AUD/USD has slipped to fresh multi‑week lows as escalating Middle East tensions, a surge in oil prices and renewed risk aversion overshadow its solid first‑quarter gains.
AUD/USD finished last week lower at 0.6873, posting a 2.11% decline – its largest weekly drop since March 2025. That move left the Aussie dollar languishing at a two‑month low as the week drew to a close.
With just one‑and‑a‑half trading sessions left before the end of both March and the first quarter (Q1), the pair’s performance in 2026 tells a fascinating tale of two halves.
For the month of March, AUD/USD has been one of the worst‑performing G10 currencies. It has fallen 3.71%, putting it roughly on par with the Swiss franc (−3.75%). However, it has managed to avoid the absolute bottom of the barrel, outperforming the ‘flightless bird’ – the New Zealand dollar, which is down about 4.41% – and the Swedish krona, which has shed almost 5%.
Zoom out to the Q1, however, and the picture looks vastly different. AUD/USD is on track to finish Q1 with a respectable gain of around 2.69%. That puts it right at the top of the G10 leaderboard, just pipping a fast‑finishing US dollar index (DXY) at +1.92%.
This stark contrast in fortunes perfectly illustrates the disruptive impact of the Middle East conflict that kicked off in late February. Escalating tensions – namely the closure of the Strait of Hormuz and the subsequent surge in oil prices – have sent investors scrambling for the safety of the world’s reserve currency. As a risk‑sensitive, pro‑cyclical commodity currency, the Aussie has naturally found itself squarely in the crosshairs.

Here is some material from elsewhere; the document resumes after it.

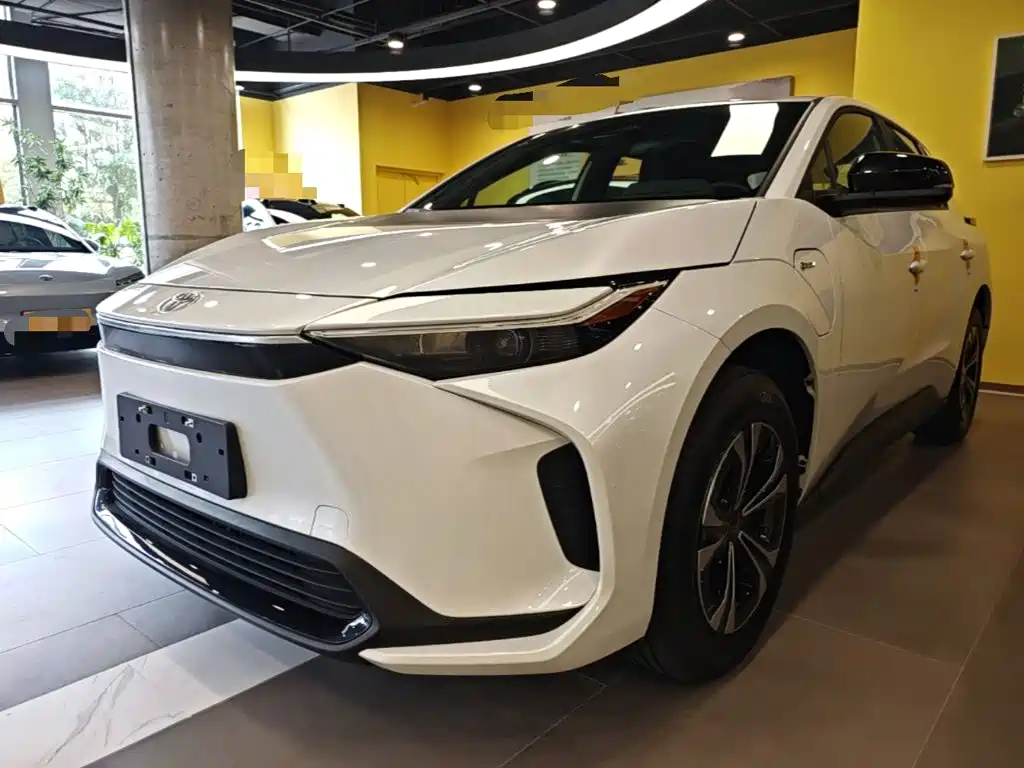 Toyota bZ4X 2025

Over the weekend, the geopolitical backdrop took another turn for the worse as Yemen’s Iran‑aligned Houthis announced they are officially joining the conflict. Combined with reports of a continued US military buildup in the region, broader risk sentiment remains incredibly fragile. This cautious mood drove AUD/USD to a fresh nine‑week low of 0.6841 after the reopen this morning.
Looking ahead, AUD/USD’s trajectory this week will continue to be heavily dictated by offshore geopolitics. Any further escalation in the Middle East will keep the Aussie under pressure, while any genuine progress toward reopening the Strait of Hormuz would be the catalyst for a much‑needed relief rally. Locally, traders will also be keeping a close eye on the Reserve Bank of Australia (RBA) meeting minutes, previewed below.
Date: Tuesday, 31 March at 11.30am AEDT
At its board meeting two weeks ago, the RBA raised the cash rate by 25 basis points (bp) to 4.10% in a 5-4 split, the second consecutive hike after February’s move to 3.85%.
Governor Michele Bullock noted that while all members agreed a hike was warranted given renewed inflationary pressures, the split centred on timing rather than the need for action itself.
Markets will be scrutinising the minutes for clues on how much more tightening the board believes is still required, or whether this latest hike is seen as sufficient to keep inflation tracking sustainably back toward the 2% - 3% target.
The Australian interest rates market is currently pricing in 16 bp of tightening for the May board meeting. Further out, there is a cumulative 65 bp of hikes expected through the remainder of 2026, which would lift the cash rate to 4.75%.
Since our mid‑March update here, we’ve been highlighting the possibility that the 0.7189 high printed on 11 March marked a potential Wave V (Elliott Wave) top. That would complete a clean five‑wave advance off the November 2025 low at 0.6419 to the 0.7189 high, setting the stage for a corrective pullback.
The chart now shows that scenario playing out. After holding the 0.6950 – 0.6900 support zone for two weeks, AUD/USD broke decisively lower into the end of last week.
This technical break opens the door for the correction to extend further, targeting a sturdy band of support between 0.6800 and 0.6760. This zone includes both the 50% Fibonacci retracement of the entire rally at 0.6804 and the previous swing high of 0.6766 from 6 January.
Our base case is that we favour this support band holding. Consequently, we will be watching closely for any signs of basing in this region as a precursor to the uptrend resuming.